The reply should contain all the data below, repeated exactly, and none of the images.

=== Section Start ===

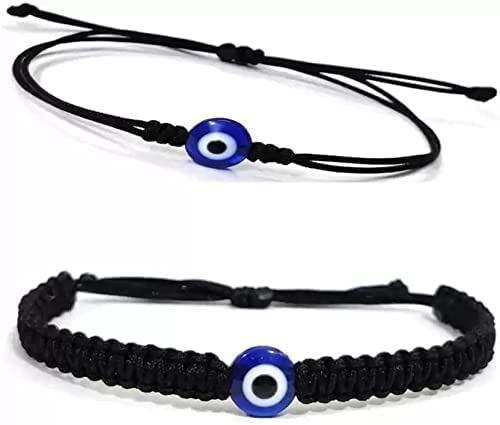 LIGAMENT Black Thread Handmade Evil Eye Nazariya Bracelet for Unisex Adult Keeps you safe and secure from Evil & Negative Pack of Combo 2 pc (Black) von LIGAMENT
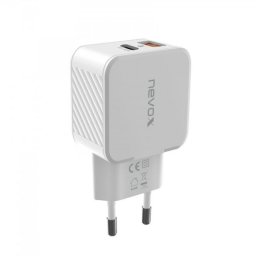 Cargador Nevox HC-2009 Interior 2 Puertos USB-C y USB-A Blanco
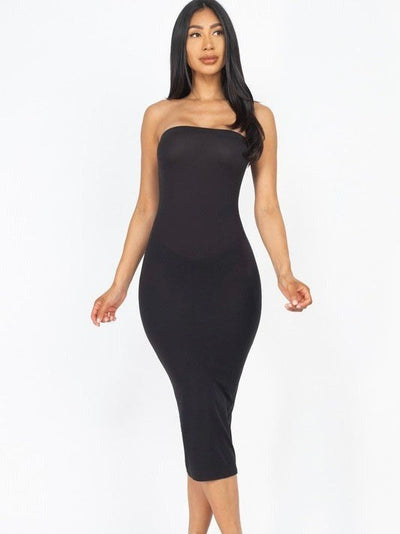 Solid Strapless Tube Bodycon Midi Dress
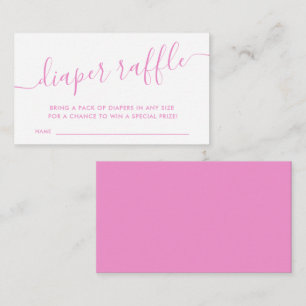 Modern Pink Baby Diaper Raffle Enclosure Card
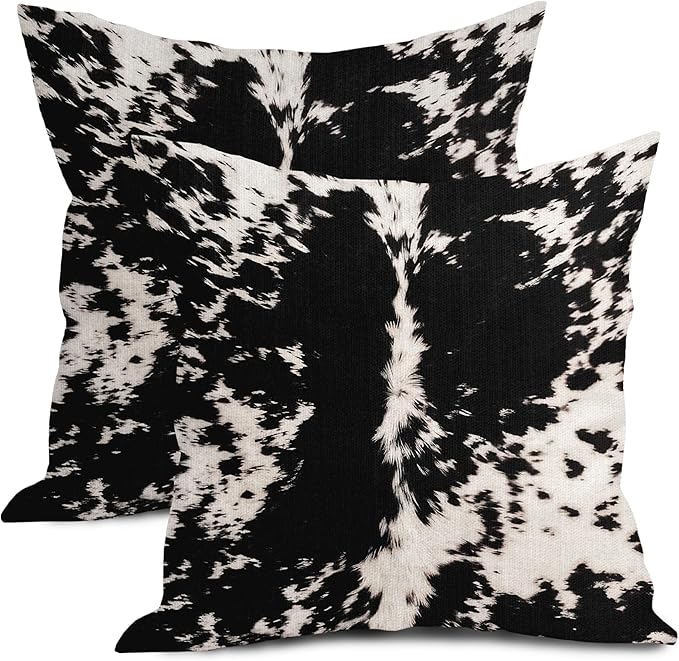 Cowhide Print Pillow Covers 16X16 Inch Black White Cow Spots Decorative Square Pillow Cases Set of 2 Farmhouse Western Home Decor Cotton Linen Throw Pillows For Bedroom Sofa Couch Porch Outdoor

=== Section End ===

ANSWER FOR THIS EXERCISE:
 LIGAMENT Black Thread Handmade Evil Eye Nazariya Bracelet for Unisex Adult Keeps you safe and secure from Evil & Negative Pack of Combo 2 pc (Black) von LIGAMENT
 Cargador Nevox HC-2009 Interior 2 Puertos USB-C y USB-A Blanco
 Solid Strapless Tube Bodycon Midi Dress
 Modern Pink Baby Diaper Raffle Enclosure Card
 Cowhide Print Pillow Covers 16X16 Inch Black White Cow Spots Decorative Square Pillow Cases Set of 2 Farmhouse Western Home Decor Cotton Linen Throw Pillows For Bedroom Sofa Couch Porch Outdoor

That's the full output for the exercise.